◆ WHAT IS NEEDED
Among the entries below, the lines from the one with "JIMS Shift Fork Gauge - Big Twin" up to and including the one with "Источник аудиосигнала CVGaudio M-023BL" are to be restated exactly, without pictures.

◆ DATASET
=-=-=

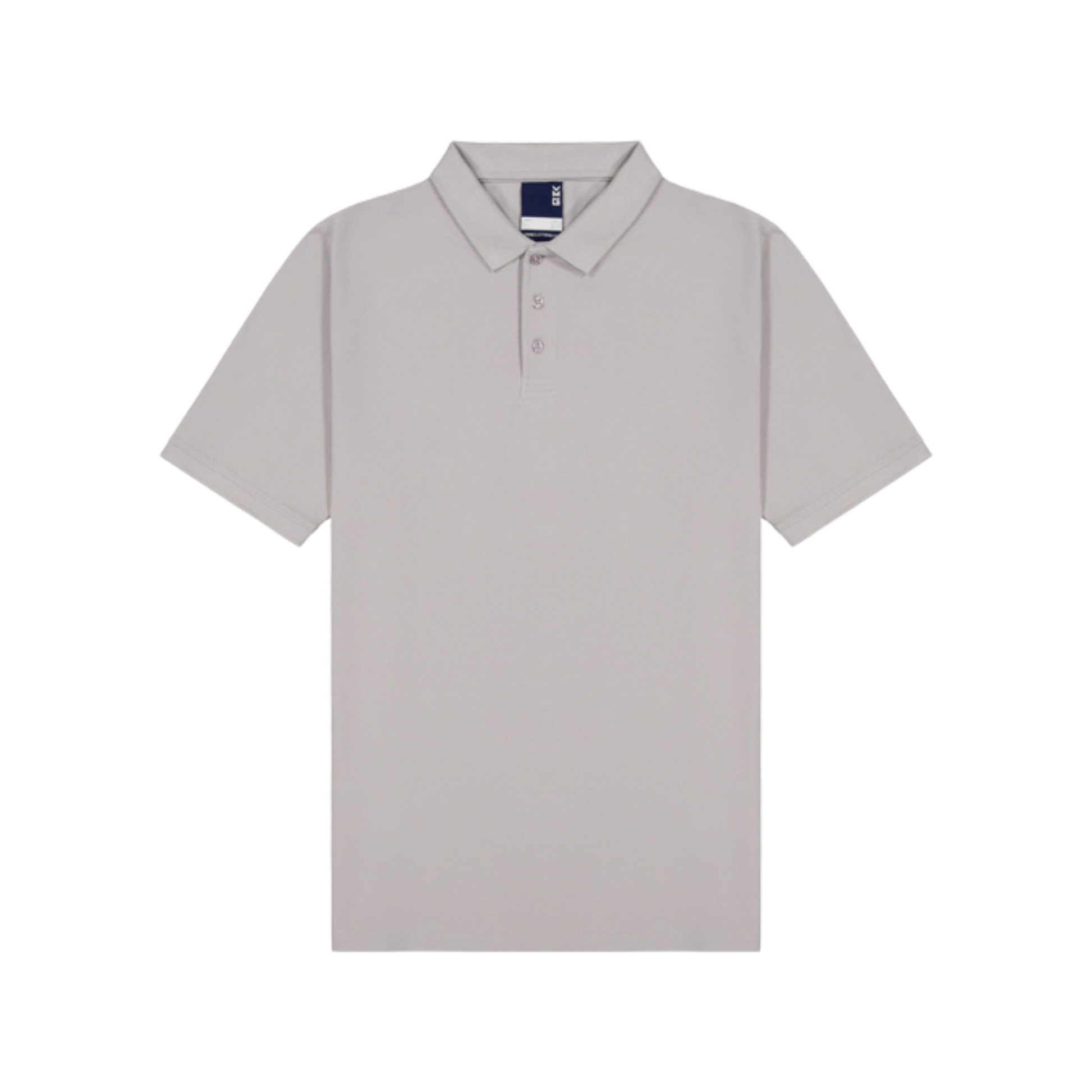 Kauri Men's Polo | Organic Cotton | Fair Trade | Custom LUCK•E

=-=-=

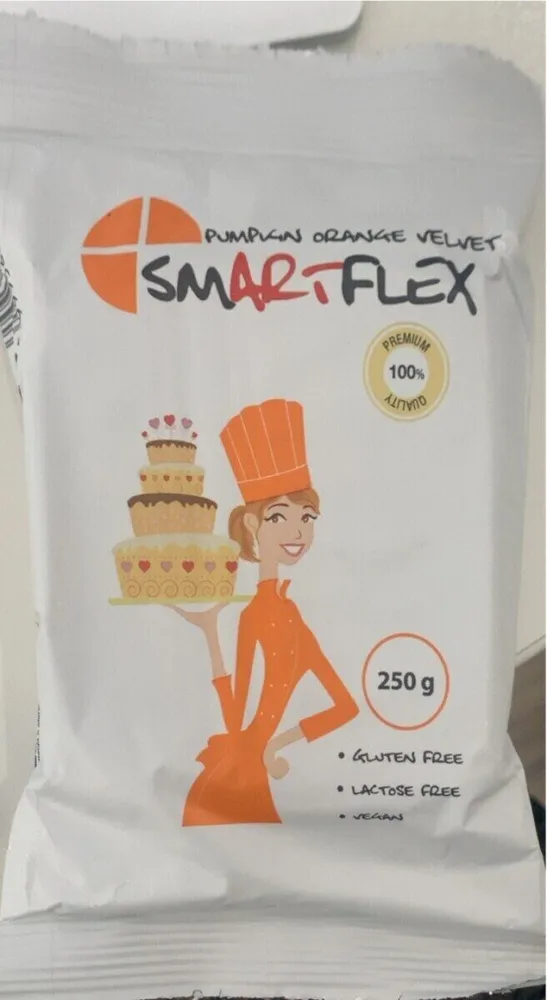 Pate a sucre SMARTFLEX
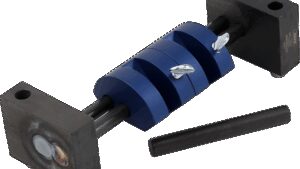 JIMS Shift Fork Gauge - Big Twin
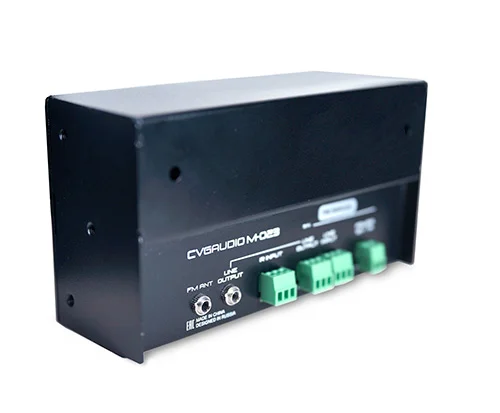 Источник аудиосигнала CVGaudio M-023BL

=-=-=

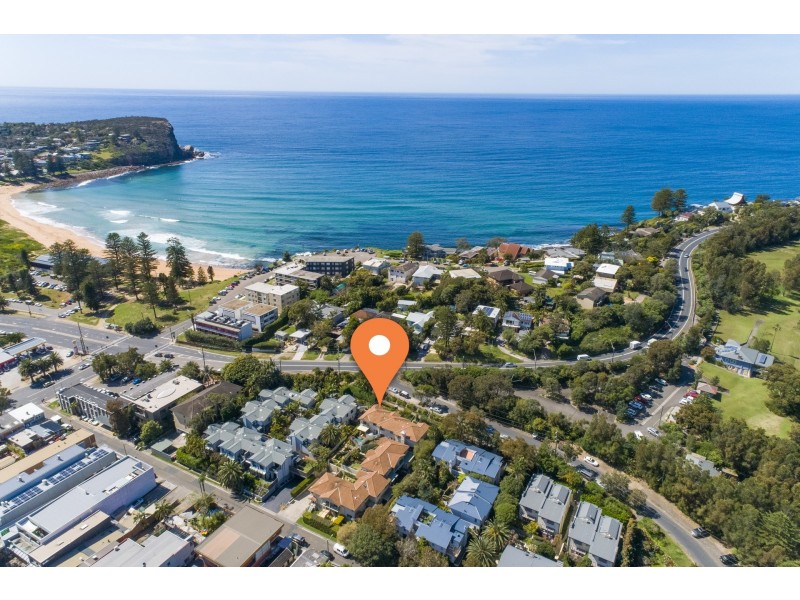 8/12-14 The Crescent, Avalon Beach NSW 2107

=-=-=

◆ SOLUTION TO THIS TASK
 JIMS Shift Fork Gauge - Big Twin
 Источник аудиосигнала CVGaudio M-023BL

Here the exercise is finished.